Este particular nos dice que el Verbo de Dios se ha hecho hombre por amor de cada uno de nosotros y que sobre cada uno, en cada instante, pone Su mirada de amor, en la espera de aquel encuentro de Alegría inmensa que será en la Eternidad. A la llegada de Jesús a Betania, enseguída, vemos una “novedad” aparentemente inexplicable: primero María, después la hermana Marta, y detrás de ella todos los judíos que se habían unído a su luto, se dirigen hacia el Señor Jesús, seguros de que, si hubiéra existído una respuesta a su dolor, tal respuesta se habría centrado en aquel Hombre. Ciertamente, no se trataba de personas irreligiosas.

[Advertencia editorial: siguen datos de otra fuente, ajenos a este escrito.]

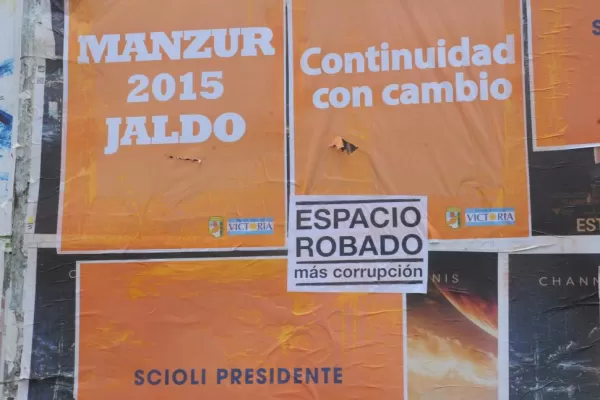 Se profundiza la “guerra de los afiches” en la ciudad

Habían profundamente adquirído la fe de Israel en la resurrección final, por lo tanto, aquel drama no era “últimamente” inesplicable; de hecho Marta responde al Señor: «Se que resucitará en la resurrección del último día». Pero, sabían que en la relación con aquel Hombre extraordinario, nada de cuanto había en ellos de autenticamente humano se habría perdido, incluso aquel grito de dolor, el cual sólo la fe escatológica y el tiempo habrían podido dar algún alivio. En este último “signo” cumplido por el Señor, antes del ingreso triunfal a Jerusalén, parece así unirse todo a esa “nueva realidad” inaugurada por el Emmanuel, el Dios con nosotros: compartiendo nuestra misma existencia, nos ha amado con aquella pasión suprema que es el amor virginal, que no busca nunca de poseer el corazón del otro, sino que lo ama en la verdad, con delicada insistencia, hasta sacrificarse por él; en esta infinita delicadeza y atención por cada uno, capaz, también de conmoverse, los hombres que tenían con Él los lazos de la más profunda amistad, por de más se daban cuenta que no podía ser otra cosa que la presencia de Dios: «Yo soy la Resurrección y la Vida. El que cree en mí, aunque muera, vivirá: y todo el que vive y cree en mí, no morirá jamás. ¿Crees esto?, Ella le respondió: Sí, Señor, creo que tú eres el Mesías, el Hijo de Dios, el que debía venir al mundo» (Jn. 11,25-27).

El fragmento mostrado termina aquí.